The owner may ultimately exit out of an investment and re-deploy assets in another venture. The executive's investment of human capital is more difficult to re-deploy. The executive is trying to build a career, and must seek another opportunity that seeks the kind of experience and qualifications gained from the last venture. This can take time.

With that in mind, an executive compensation plan that is able to cause the interests of the owner and the executive to converge is generally more successful than one that tends to reinforce these different interests. In general, that means some meaningful ownership interest, contingent on performance, ought to be a part of the executive's compensation package. How much? In general, some now, and perhaps more later, all tied to actual results.

One way to approach this is to have a better understanding of the marketplace for the executive's qualifications and experience.

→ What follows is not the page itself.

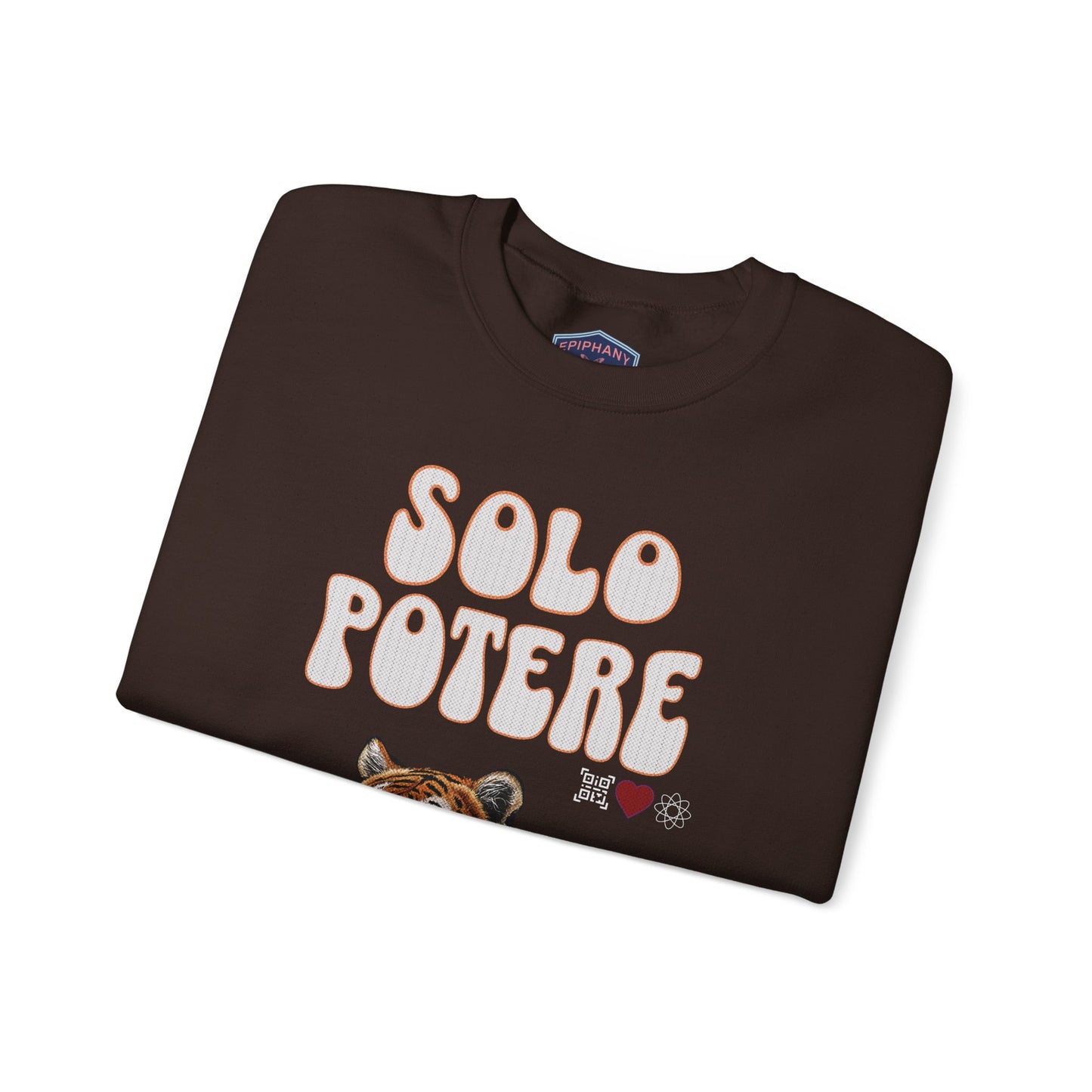 Tiger Power - Epiphany Street Heavy Blend™ Crewneck Sweatshirt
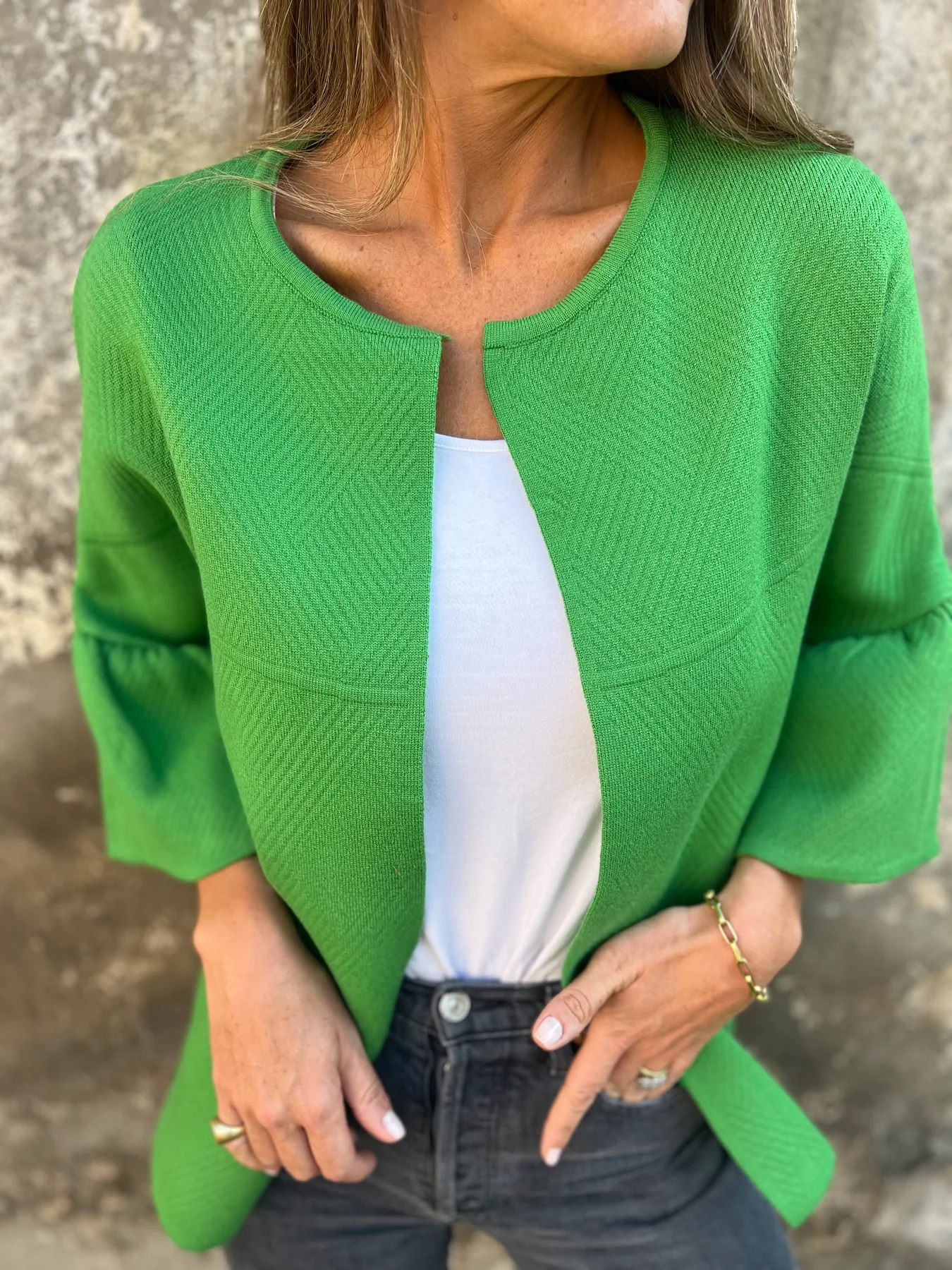 Women's Classic rhombic jacket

What are other's willing to pay for the skill set, the reputation, the experience, the track record, the education, etc? Put another way, where would your ideally qualified executive most likely be working? And where would this executive go after working for you?

Starting with an amount of money that represents the estimated present value of total direct and indirect compensation over a fixed period of time (say five years), the question becomes how to allocate that compensation in two ways:

1. Over time
2. Over different elements of compensation

Thinking about a 5-year time horizon initially, does it make the most sense to allocate the compensation as equal amounts over the time period, as declining amounts, or as increasing amounts? I would suggest the latter.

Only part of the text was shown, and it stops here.